[About this task]:
Transcribe the data that follows in full. Leave out the pictures.

[Available data]:
/---

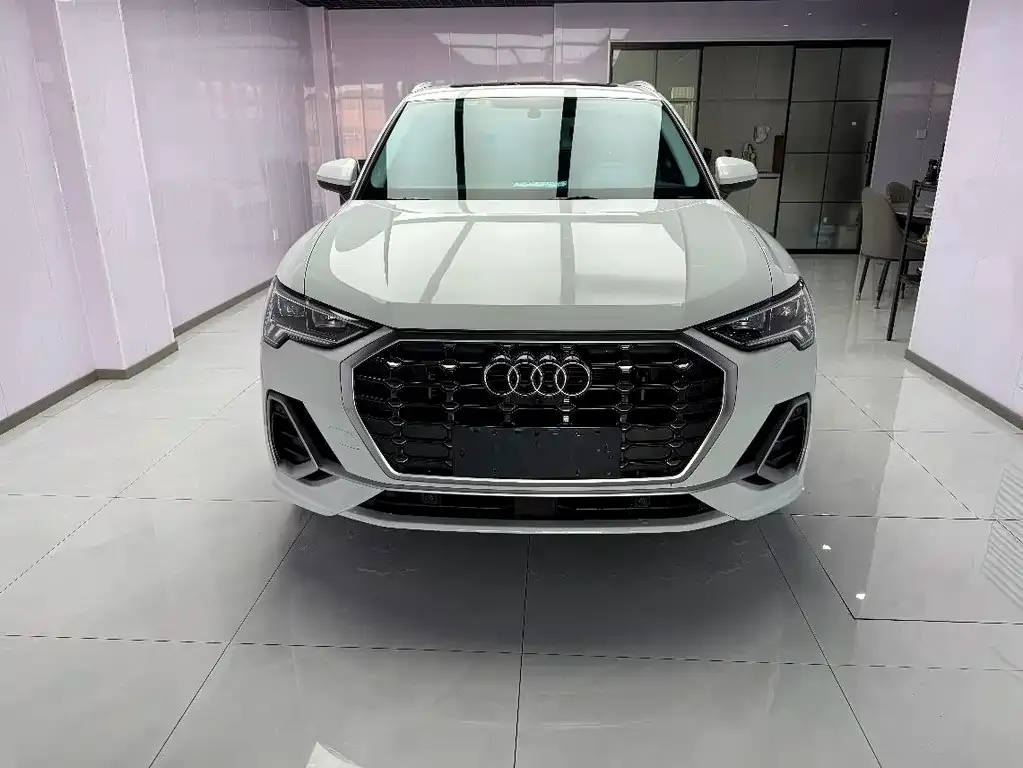 Audi Q3 — фото 9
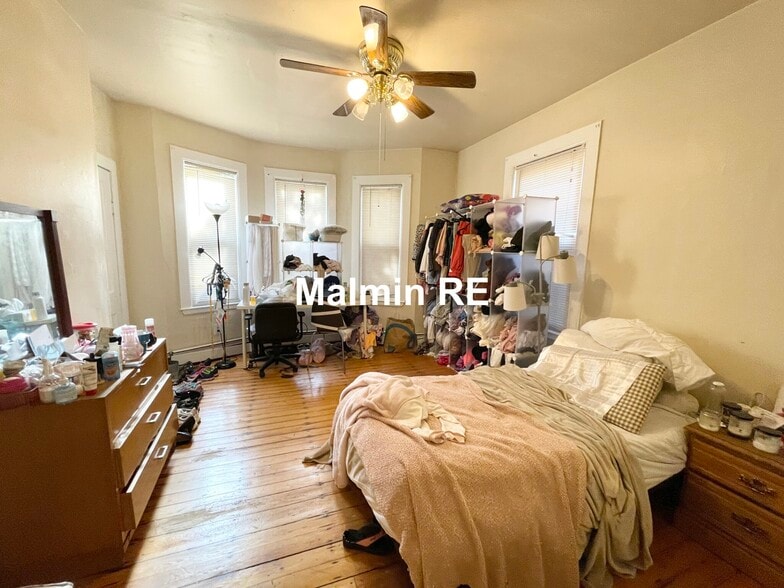 Building Photo - 19 Sachem St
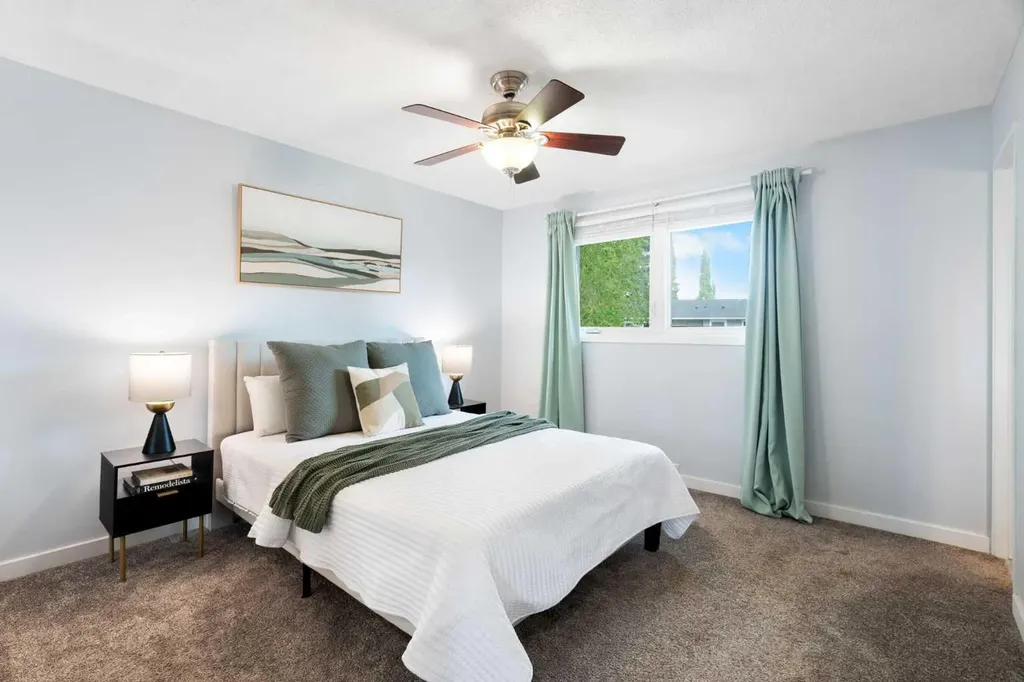 1016 Cannock Place SW Calgary AB T2W 1M7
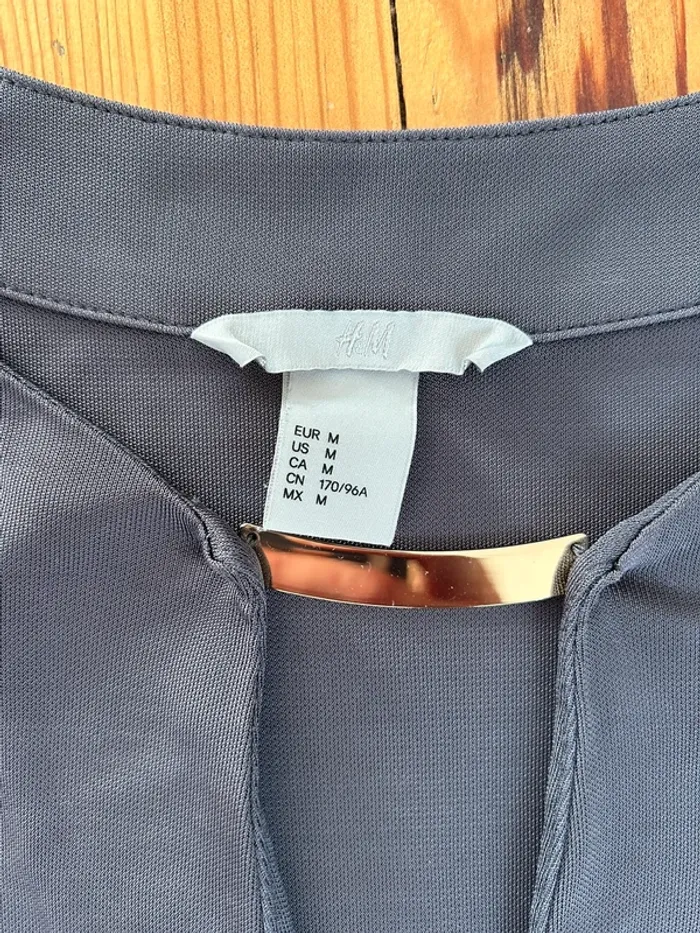 T short habillé - photo numéro 2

\---

[Answer space]:
 Audi Q3 — фото 9
 Building Photo - 19 Sachem St
 1016 Cannock Place SW Calgary AB T2W 1M7
 T short habillé - photo numéro 2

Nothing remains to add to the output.